You would love to be bored enough to make your own bread.
You would even settle for enough time or mental energy to be properly anxious about the state of the world. You only have enough to give to the tiny microcosm that exists within the walls of your home. To shoulder one more iota of worry would break you. It’s already asking too much of yourself to worry about what would happen if G-d forbid you or your partner get sick. Who would care for the baby? What if you were hospitalized and not allowed to see your child? What if the baby gets sick and you can’t be there to hold him? And those aren’t even the worst case scenarios that run through your mind.
When your son was born, you didn’t fall madly in love like Instagram said you would. How could you? You didn’t even know this new person. But, you did feel an immeasurable urge to care for and protect him. As your love has grown, so has the intensity to keep him safe. The fear grinds you down.
The repetitiveness is grueling. Most of the world has been isolating for two months, but you’ve been doing it since last September, holed up on the couch in a closed circuit of breastfeeding, diapers, soothing, and napping with the occasional outing to a coffee shop. You’re equally well-prepared and well-worn of this exercise.

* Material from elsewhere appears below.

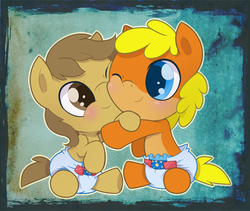 Size: 1051x888 | Tagged: safe, artist:cuddlehooves, oc, oc only, oc:butterscotch, oc:peanut, pony, baby, baby pony, cuddlehooves is trying to murder us, cute, diaper, foal, poofy diaper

It’s hard not to feel resentful of the experiences being robbed of you, exploring new places with your child or accepting strangers’ squeals of delight over your pregnant belly. It feels silly to be depressed about not being able to push your baby around in his stroller at the zoo, having lunch with friends, or going away on a weekend trip when there are millions of people suffering. But, it’s valid. It’s OK to mourn the time you won’t get back and the experiences you’ll never have with them small. They’ll never be this age ever again.
And yet, in what you’re losing, you also see what you’re gaining. This time is not all frustrating, scary and stressful. In fact, it’s kind of nice. Life is simple. It’s quiet. It’s spring. You walk around the block twice a day and notice new flower buds on bushes, and regrowth on trees. You are learning the names of your neighbors and their dogs.
The routine is no longer a constraint, but rather a steady guide. You no longer have to feel badly about being tethered to the house, a slave to the nap schedule. There is no choice, and you aren’t missing anything.
How lucky are our children that they get to spend so much time with their parents? We’re learning how to parent together. Family time is every day, not just the weekends. How fortunate we are as parents to watch them grow, noticing and celebrating daily developments. For how many more milestones will we get to be so absolutely present and together as a family?
Every day you wake up grateful for work, grateful for everyone’s health. Every day is surreal. You have to remind yourself that you’re living a prophecy come true in more than one way. You’re somehow functioning on unprecedented lockdown during a scary open ended pandemic, and somehow… you’re also a mother. Both are wild. Both are unbelievable. Both will make you stronger.